I have come across two major problems recently, and couldn't solve them. Imagine we have measured an independent variable 2000 times and I'm interested to talk about the mean of the population: So as some textbooks suggested, I can perform some calculations like this:
Variance = Sum of squared/(2000-1)
then standard deviation =sqrt(variance)
Standard error(SE) = standard deviation / sqrt(2000)
mean value - SE and mean value + SE (for approximately 68.2% confidence interval)
But the first problem here is that why we don't put these 2000 measurements into several samples, then calculate the sampling distribution and instead of using sqrt(2000) in the SE denominator, using sqrt(Number of samples) then calculate the mean plus-minus the SE.

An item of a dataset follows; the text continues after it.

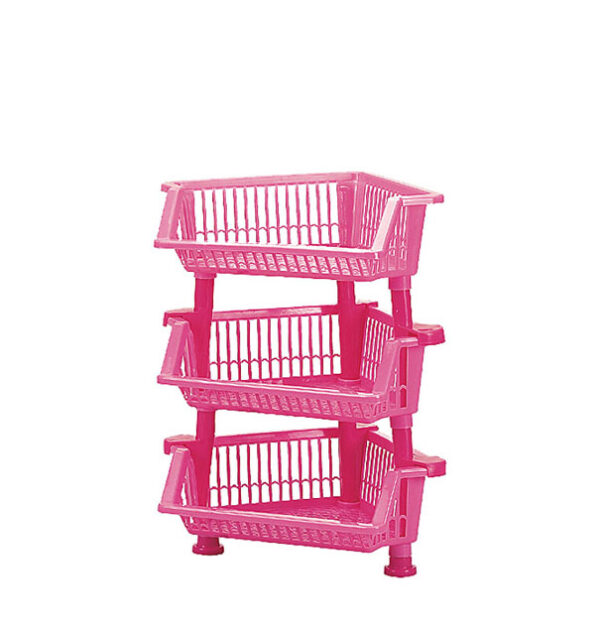 RAK BUMBU DAPUR 3 SUSUN LION STAR A-19 MULTI RACK TRIANGLE RAK BUMBU DAPUR 3 SUSUN LION STAR A-19 MULTI RACK TRIANGLE | RAJA PLASTIK INDONESIA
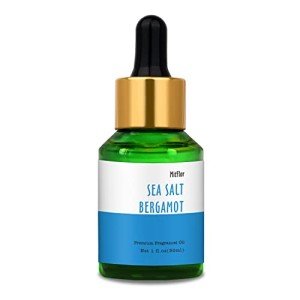 Sea Salt Bergamot Premium Fragrance Oil 30ml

1- Which method is better? Is one of these methods wrong?
Apparently, when the sample size gets bigger, the interpretation of some tests like Shapiro-Wilk, Levene's test should be made cautiously (Also the significant results regarding the p-values). On the other hand, if the sample size is too small, the normality of data(or sampling distribution) won't be valid and some other issues. I found out that for example in psychology departments the sample size less than 30 considered small and greater than 200 will be considered very big, but in other fields it's not the case.
2- How can I be sure about the sample size which is not too big (or small)? Passing the normality test is enough to conclude that the sample size is not small?
Also, I can't partition my population into subpopulations at all. So having a large sample should be the same as having multiple samples with less sample size (approximately)?
Thank you so much in advance.